The infrastructure and the future
Chris Murray from the Institute for Health Metrics, talking about the last outbreak with SARS, said, “There wasn’t a second wave. We don’t really know why. And it would be great if that (no second wave) occurs now, but hope is not a strategy. And given what we’ve seen about how much more widely spread Covid is than SARS-1, we should expect that the risk of a second wave is great. The vast majority of the U.S. will be susceptible. And that means that we need to be better prepared in terms of testing, contact tracing, isolation strategies.”
So that’s the blueprint for prepping the infrastructure, but how about us? It isn’t as simple as putting a kit together and doing practice scenarios. Many of us have participated in strategic planning for organizations. Maybe we need some of that effort for our lives to come. One friend observed that for many of us in our “golden years”, we don’t have time to wait at home for an indeterminate time. Do we have to construct a whole new way of living? Different things that bring us pleasure, new ways to commune with family and friends, even to acquire the things we need? Do we need to reorganize or reconstruct our homes to make staying in place easier?

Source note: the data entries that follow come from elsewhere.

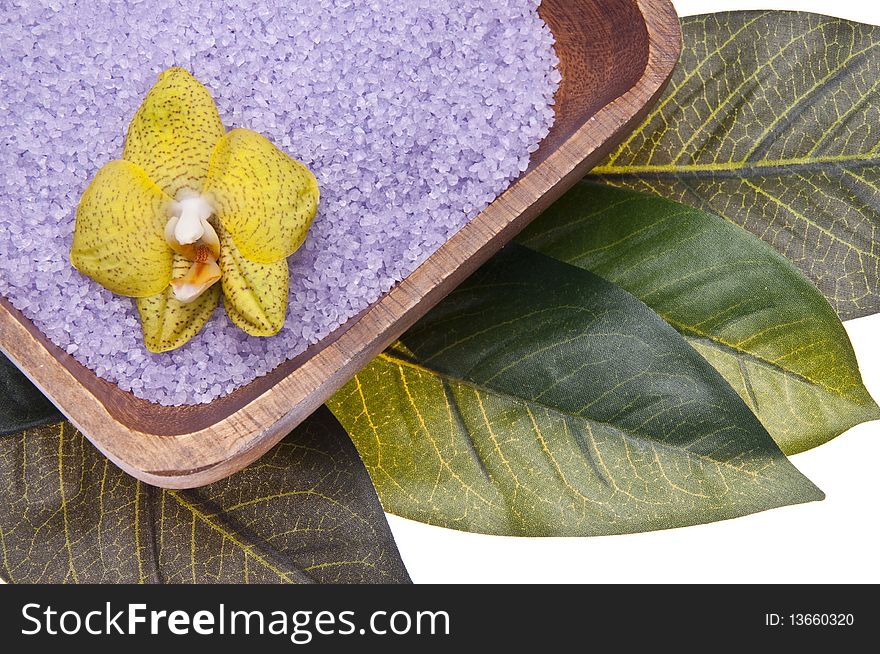 Orchid in a bowl of purple bath salts isolated on a leaf background. Orchid in a bowl of purple bath salts isolated on a leaf background.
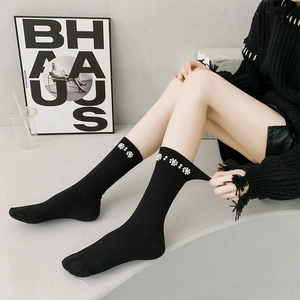 Detailed macro view of black ribbed calf socks with exquisite white pearl floral decorations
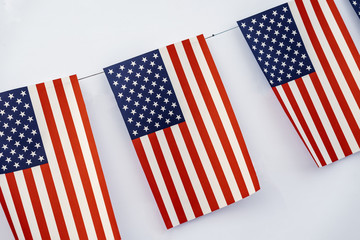 Garland of american flags of rectangular shape close-up on light background, banner design. Fest, city street holiday, celebration concept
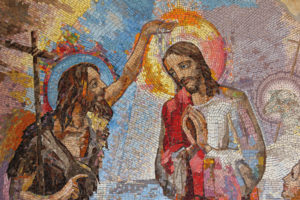 MEDJUGORJE, BOSNIA AND HERZEGOVINA, 2016. Mosaic of the baptism of Jesus Christ by Saint John the Baptist as the first Luminous mystery.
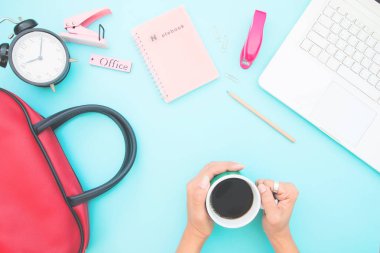 Kahve fincanı tutan kadının el ile çalışma masası havai görünümü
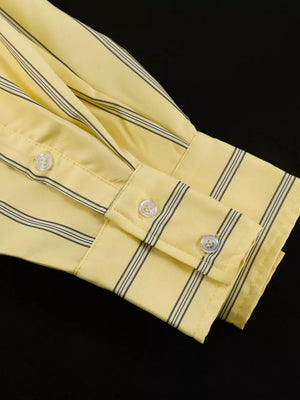 Yellow striped button-up shirt with white buttons and folded cuffs.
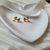 Brincos Little Ribbon Gold [PRATA 925] - Del Moon
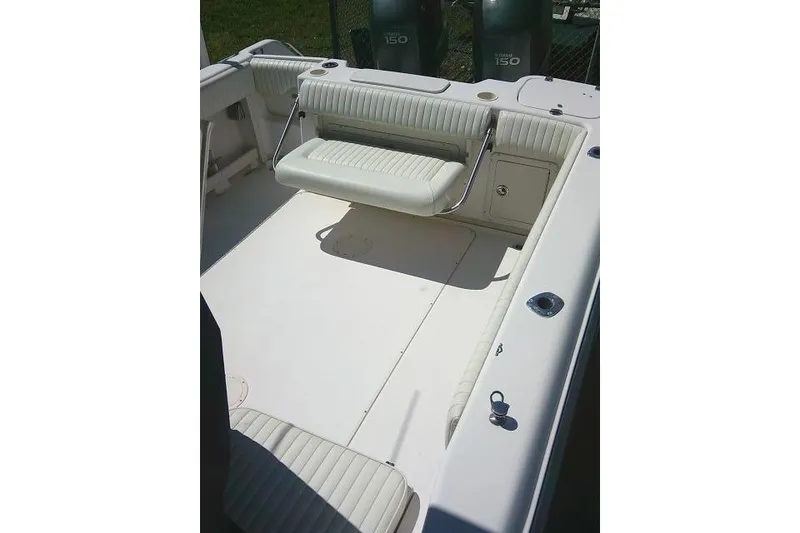 Slide: The Image of 2004 Grady White 27 Islander boat interior with seating and storage compartments. - 63
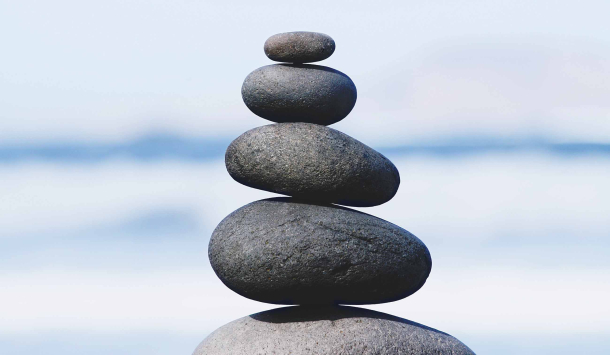 Bild von dunkelgrauen Steinen die in einer Linie gestapelt sind als Steinmännchen.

Could be an opportunity to change things
In her 2009 book, A Paradise Built in Hell, Rebecca Solnit used case studies of disasters – including the 1985 Mexico City earthquake, the 2001 terror attacks and Hurricane Katrina – to argue that emergencies aren’t just moments when bad things get worse, or when people inevitably become more scared, suspicious and self-centered. Instead (according to an article in the Atlantic) “she foregrounded (sic) the ways in which disasters opened up human reserves of improvisation, solidarity and resolve, pockets of purpose and joy, even in the midst of loss and pain. The book was not a call to celebrate disaster – but to pay attention to the possibilities it might contain, and how it might shake us loose from old ways. In Solnit’s telling, “official” disaster responses had a tendency to muck things up by treating people as part of the problem to be managed, not an invaluable part of the solution.”
That sounds heartening, but doesn’t necessarily help us regular folks to plot a way forward but maybe it could. What do you think?
Julie Freestone and Rudi Raab wrote Disaster Preparedness: Simple Steps for Business. It was published in 1998. Maybe they should go back and rewrite it to help individuals and families plan for pandemic-type disasters.